2. The slow release nonprotein nitrogen of claim 1, wherein the high purity ultrafine attapulgite clay has a d value97The fineness is less than or equal to 3 microns.
3. The slow-release non-protein nitrogen according to claim 1, wherein the non-protein nitrogen is selected from at least one of urea and its derivatives, nitrogen, ammonium salts, peptides and their derivatives.
4. The slow-release non-protein nitrogen according to claim 3, wherein said urea and its derivatives are selected from the group consisting of biuret, hydroxymethyl urea, urea phosphate, uric acid, diurea, isobutyldiurea, fatty acid urea, humic acid urea, thiourea, urea formaldehyde, urea acetaldehyde.

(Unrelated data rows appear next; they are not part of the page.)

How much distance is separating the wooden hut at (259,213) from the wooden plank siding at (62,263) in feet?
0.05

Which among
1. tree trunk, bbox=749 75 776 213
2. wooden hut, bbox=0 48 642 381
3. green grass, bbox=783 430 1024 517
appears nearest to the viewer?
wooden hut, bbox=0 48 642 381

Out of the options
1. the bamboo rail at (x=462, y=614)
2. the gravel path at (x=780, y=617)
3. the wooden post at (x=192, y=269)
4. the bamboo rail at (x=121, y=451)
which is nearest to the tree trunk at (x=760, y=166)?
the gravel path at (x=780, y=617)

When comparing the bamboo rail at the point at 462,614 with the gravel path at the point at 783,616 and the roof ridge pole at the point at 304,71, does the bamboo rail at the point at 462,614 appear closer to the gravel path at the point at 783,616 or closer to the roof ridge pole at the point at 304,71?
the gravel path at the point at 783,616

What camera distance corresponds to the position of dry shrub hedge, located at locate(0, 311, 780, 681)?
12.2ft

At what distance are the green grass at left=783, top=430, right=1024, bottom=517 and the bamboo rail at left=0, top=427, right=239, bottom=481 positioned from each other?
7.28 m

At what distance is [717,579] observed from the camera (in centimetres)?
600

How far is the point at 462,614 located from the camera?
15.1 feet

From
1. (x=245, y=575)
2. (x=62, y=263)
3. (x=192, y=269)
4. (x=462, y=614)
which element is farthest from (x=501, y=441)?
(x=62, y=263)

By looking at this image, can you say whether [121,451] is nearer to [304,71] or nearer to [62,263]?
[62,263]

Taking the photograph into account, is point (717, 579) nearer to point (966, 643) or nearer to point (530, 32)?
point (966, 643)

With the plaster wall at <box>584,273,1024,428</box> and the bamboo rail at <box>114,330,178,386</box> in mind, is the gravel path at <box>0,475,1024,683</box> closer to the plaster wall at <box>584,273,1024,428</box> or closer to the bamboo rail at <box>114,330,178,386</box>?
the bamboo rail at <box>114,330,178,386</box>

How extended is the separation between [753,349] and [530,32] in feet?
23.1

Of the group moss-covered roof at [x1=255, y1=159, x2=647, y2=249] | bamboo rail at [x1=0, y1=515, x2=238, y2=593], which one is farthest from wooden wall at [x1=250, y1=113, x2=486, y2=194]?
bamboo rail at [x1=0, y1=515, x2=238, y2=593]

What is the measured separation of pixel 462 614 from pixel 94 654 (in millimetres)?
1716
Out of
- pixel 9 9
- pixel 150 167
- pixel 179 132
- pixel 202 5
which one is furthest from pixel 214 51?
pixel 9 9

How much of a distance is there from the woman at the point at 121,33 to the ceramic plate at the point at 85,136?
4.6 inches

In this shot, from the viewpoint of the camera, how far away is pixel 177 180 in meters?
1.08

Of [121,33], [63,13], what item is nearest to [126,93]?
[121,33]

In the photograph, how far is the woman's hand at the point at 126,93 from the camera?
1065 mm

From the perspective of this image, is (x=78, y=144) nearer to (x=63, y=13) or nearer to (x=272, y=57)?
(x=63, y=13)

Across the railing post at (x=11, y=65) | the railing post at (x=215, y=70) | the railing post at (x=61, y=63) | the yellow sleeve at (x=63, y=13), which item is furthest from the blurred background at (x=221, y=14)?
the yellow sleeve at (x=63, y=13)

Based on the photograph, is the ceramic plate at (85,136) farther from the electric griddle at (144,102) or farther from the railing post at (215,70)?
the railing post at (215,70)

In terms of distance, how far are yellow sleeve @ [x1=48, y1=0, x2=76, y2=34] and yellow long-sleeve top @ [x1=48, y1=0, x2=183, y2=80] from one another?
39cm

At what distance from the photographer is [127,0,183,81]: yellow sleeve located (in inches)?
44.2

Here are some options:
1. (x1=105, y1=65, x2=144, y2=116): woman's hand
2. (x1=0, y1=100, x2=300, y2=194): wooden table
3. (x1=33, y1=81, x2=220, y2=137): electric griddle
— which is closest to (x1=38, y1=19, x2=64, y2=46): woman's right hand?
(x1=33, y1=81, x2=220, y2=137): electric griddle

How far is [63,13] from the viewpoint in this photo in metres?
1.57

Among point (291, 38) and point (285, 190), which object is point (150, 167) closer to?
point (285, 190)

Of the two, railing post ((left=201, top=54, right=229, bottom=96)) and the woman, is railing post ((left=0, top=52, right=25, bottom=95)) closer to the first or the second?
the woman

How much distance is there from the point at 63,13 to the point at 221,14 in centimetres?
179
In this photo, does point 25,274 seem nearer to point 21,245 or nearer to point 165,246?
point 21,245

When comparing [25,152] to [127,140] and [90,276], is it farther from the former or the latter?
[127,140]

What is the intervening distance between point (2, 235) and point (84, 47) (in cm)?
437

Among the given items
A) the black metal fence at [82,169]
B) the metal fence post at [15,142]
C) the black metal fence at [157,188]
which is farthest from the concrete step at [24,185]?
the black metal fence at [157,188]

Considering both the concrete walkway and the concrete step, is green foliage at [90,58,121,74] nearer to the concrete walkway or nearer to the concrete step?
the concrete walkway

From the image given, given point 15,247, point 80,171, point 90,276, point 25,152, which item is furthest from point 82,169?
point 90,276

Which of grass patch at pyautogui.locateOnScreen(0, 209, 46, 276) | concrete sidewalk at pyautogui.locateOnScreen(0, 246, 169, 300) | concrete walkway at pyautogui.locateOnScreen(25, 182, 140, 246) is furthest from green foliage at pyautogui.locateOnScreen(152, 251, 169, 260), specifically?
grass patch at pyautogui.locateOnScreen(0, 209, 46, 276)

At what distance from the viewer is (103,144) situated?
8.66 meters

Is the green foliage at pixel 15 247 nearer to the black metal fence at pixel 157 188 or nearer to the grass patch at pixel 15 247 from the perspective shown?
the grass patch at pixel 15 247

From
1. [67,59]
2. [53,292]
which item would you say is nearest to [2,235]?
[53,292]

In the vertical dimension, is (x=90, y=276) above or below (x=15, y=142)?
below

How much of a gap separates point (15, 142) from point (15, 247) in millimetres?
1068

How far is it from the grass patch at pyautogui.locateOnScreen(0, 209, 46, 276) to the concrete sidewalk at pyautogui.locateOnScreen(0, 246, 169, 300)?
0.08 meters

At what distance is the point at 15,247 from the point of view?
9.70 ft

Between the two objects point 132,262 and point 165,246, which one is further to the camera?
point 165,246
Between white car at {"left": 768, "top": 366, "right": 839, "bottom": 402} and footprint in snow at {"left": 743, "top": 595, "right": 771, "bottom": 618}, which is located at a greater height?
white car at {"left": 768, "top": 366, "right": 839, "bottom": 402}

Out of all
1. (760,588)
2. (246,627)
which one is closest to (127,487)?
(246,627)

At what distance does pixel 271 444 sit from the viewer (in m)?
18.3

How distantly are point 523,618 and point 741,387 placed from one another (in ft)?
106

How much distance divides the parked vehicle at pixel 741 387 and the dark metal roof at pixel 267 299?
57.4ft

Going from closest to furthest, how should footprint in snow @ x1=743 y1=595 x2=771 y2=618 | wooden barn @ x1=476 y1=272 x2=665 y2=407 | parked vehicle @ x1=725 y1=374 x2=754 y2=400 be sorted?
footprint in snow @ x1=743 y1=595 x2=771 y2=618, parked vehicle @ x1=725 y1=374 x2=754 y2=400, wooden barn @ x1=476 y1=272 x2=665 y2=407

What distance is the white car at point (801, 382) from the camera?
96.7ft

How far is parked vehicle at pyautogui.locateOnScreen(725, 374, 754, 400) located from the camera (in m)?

5. The slow-release non-protein nitrogen according to claim 3, wherein the ammoniacal nitrogen is liquid ammonia or ammonia water.
6. A slow release non-protein nitrogen according to claim 3, characterized in that the ammonium salt is ammonium sulphate, ammonium chloride, ammonium acetate, ammonium carbonate, ammonium lactate, ammonium polyphosphate, monoammonium phosphate, ammonium nitrate, ammonium thiophosphoryl ammonium, an ammine complexing organic acid.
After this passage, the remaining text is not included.